The Recreational Aviation Foundation (RAF), which promotes backcountry flying, used a $10,000 Giving Back grant from the AOPA Foundation to conduct scientific research into the stress-related effects of aircraft noise on wildlife.
Jack Tyler, the RAF liaison for Florida, learned about the grant in AOPA Pilot magazine. “We saw it as a need connecting with an opportunity. Our board had been talking some time about some of the basic dilemmas we faced,” he said. “The principal people we have to work with in order to retain recreational airstrips and reopen ones that have been closed are the land managers who manage public lands, like the Bureau of Land Management and the National Park Service.”

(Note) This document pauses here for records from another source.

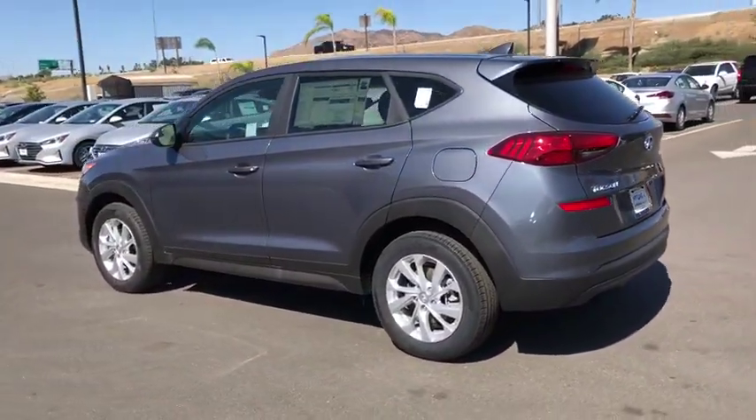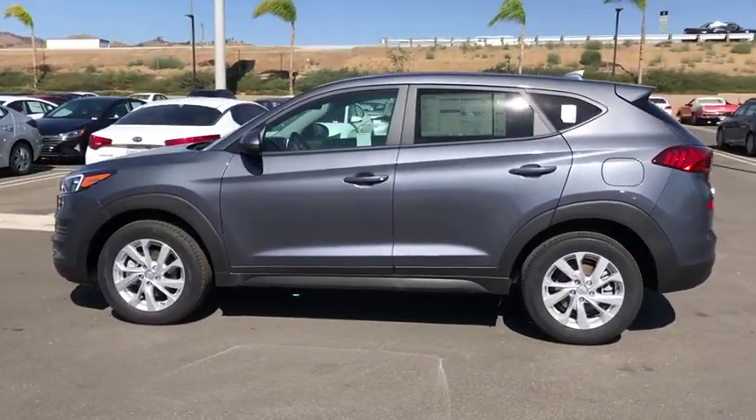This vehicle has less than 100 miles. Here are some of this vehicle's great options.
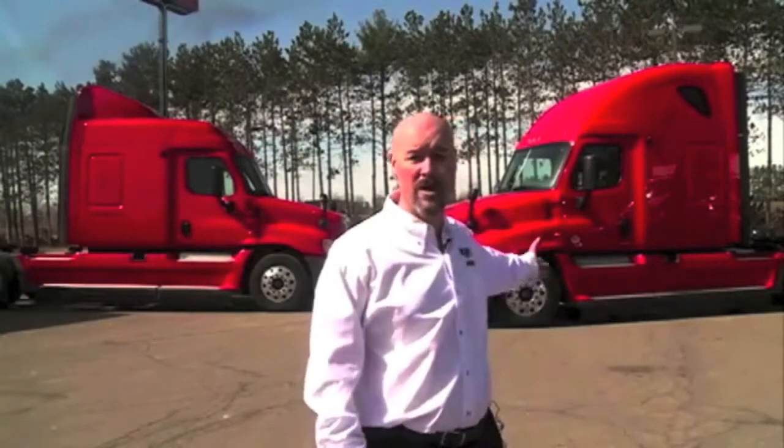Hi, and welcome to Truck Country. With Truck Country's 2012 Freightliner Cascadias, choose the style that's right for you, whether it's a 72 inch mid-roof XT or a 72 inch raised roof.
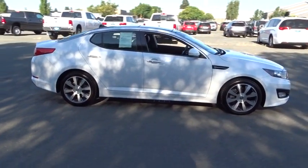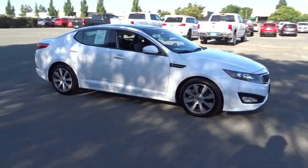This vehicle has less than 65,000 miles. Come see the car for yourself.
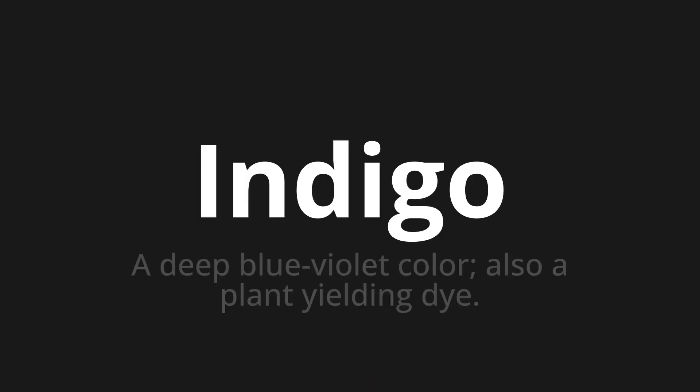Indigo. Which means a deep blue violet color. Also a plant yielding dye.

The Bureau of Land Management and the National Park Service manage land that is the equivalent of 23 states, said Tyler. “By law, district mangers responsible for land sites are required to go to the public and get comments on how the land is being managed and what needs aren’t being met,” he said. “At the time, people come to the land managers and complain about planes landing near a stream so they want the airstrip closed because they feel we hurt wildlife and ecology with the noise from planes. We appear and say that if you have asphalt and trails into parks already, why are planes being singled out?”
This puts land managers in the middle, said Tyler. “And there have been no studies that answer the question if wildlife breeding habits are being harmed by airplanes,” he said. “We wanted a scientific study to see if this was true. So we knew what had to happen was that opposing parties needed to stand aside to get information from an impartial scientific study.”

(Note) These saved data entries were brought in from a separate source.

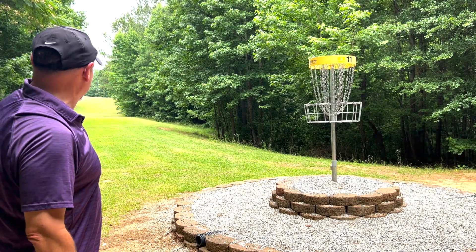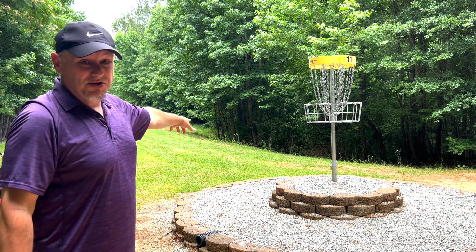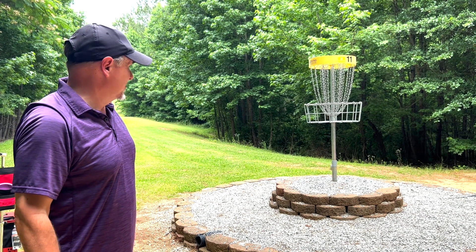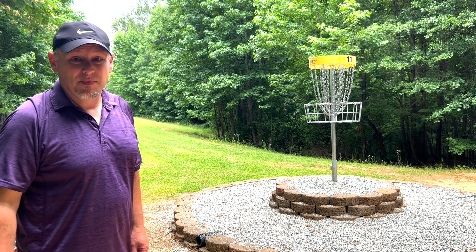With nasty trees tight off to the right of the fairway, and more nasty trees, vines, poison ivy, a creek, and a little swamp down to the left of you — getting up and down for par on this hole will make your day go a lot better here at Woodruff.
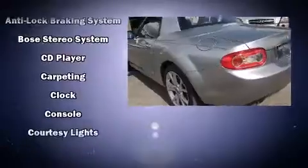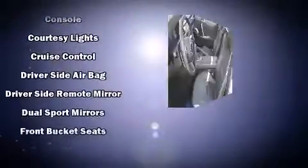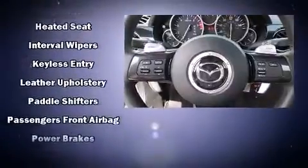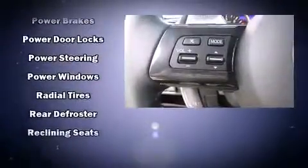Mazda also prioritized safety and security with features such as dual front impact airbags with occupant sensing, front side impact airbags, traction control, a panic alarm, and four-wheel disc brakes with ABS.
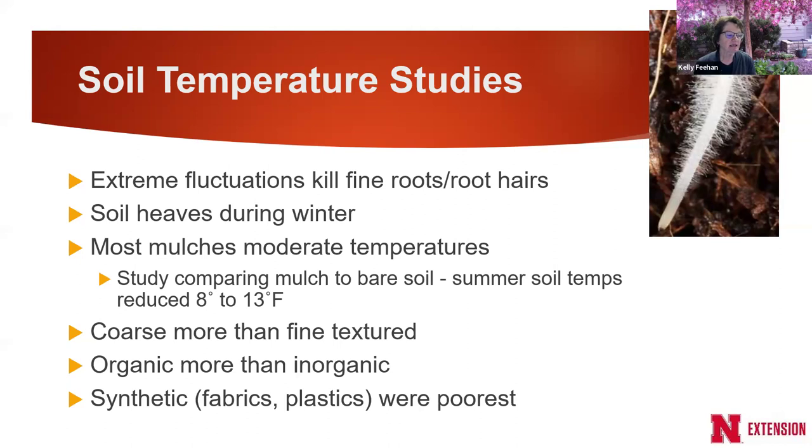Not surprisingly, organic mulch is better than inorganic for temperature moderation. Synthetics — geotextile fabrics, plastic — especially darker-colored mulch, can actually increase soil temperatures over time, which is why we hopefully aren't using plastic in landscapes anymore, though it's still sometimes used in vegetable production.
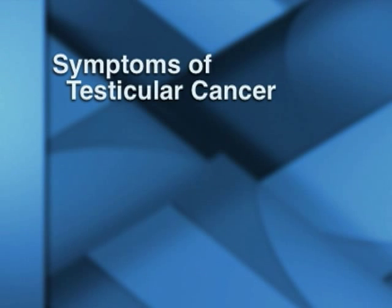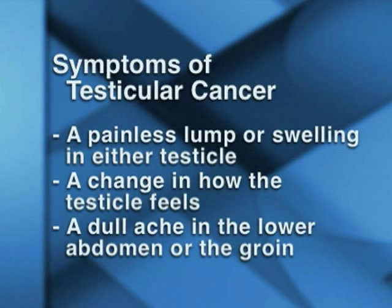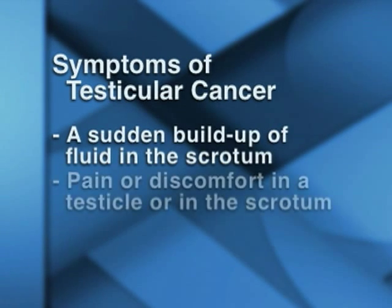The symptoms of testicular cancer include a painless lump or swelling in either testicle, a change in how the testicle feels, a dull ache in the lower abdomen or the groin, a sudden buildup of fluid in the scrotum, or pain or discomfort in a testicle or in the scrotum.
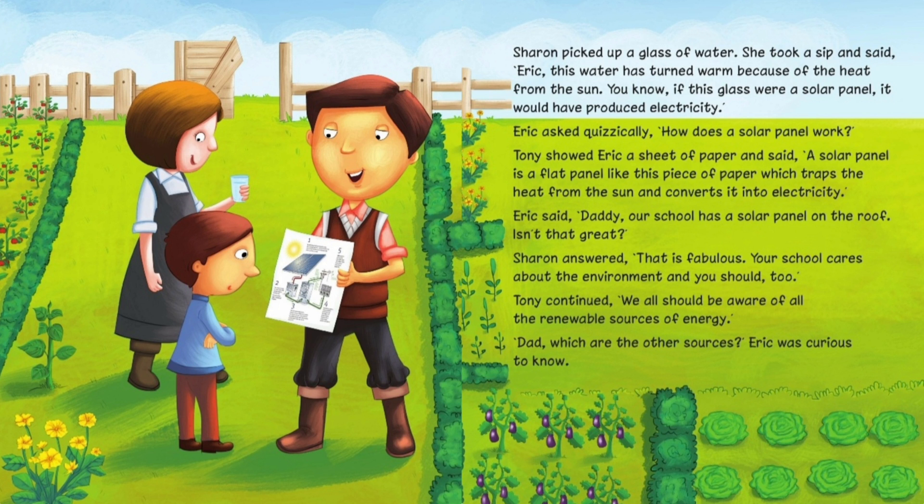Sharon picked up a glass of water. She took a sip and said, 'Eric, this water has turned warm because of the heat from the sun. You know, if this glass were a solar panel, it would have produced electricity.' Eric asked quizzically, 'How does a solar panel work?' Tony showed Eric a sheet of paper and said, 'A solar panel is a flat panel like this piece of paper which traps the heat from the sun and converts it into electricity.'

The RAF-sponsored noise study on the effects of aircraft on wildlife in the backcountry is progressing, said Tyler. Devin Landry and Chad White of the University of Montana, under the direction of RAF Science Committee chairman Dr. Ric Hauer, conducted field studies during the summer.
Just as the RAF board was discussing this topic, the AOPA Foundation announced the grant, said Tyler. “We also happened to learn about a lab that had developed a test to analyze enzymes to see if animals are under stress,” he said. “We have more than 1,000 samples from birds, deer, bears, and other animals.”

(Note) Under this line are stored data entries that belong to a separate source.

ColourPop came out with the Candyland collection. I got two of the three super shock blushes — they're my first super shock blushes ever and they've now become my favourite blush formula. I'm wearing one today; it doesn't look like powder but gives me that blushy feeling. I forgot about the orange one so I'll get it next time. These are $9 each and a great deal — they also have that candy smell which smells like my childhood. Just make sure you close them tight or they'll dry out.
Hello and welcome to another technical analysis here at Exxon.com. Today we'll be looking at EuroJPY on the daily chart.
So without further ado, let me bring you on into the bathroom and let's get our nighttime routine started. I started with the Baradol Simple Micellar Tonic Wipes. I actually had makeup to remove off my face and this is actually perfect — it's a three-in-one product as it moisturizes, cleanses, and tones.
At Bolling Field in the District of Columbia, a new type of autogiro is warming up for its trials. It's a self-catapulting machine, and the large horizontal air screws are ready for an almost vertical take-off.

Around Christmas is when the lab work begins, said Tyler. “We’ll get the raw data, and then the analysis will begin, which will go for another year and a half,” he said. “We’re uncertain about exact timing of the final results because the science journals have to accept it for publication and then we have to wait for the scientific community to read it and respond.”
RAF members have been flying into backcountry airports for decades, said Tyler. “We have a picture of wildlife that isn’t affected by planes. But you need more than that to convince others,” he said.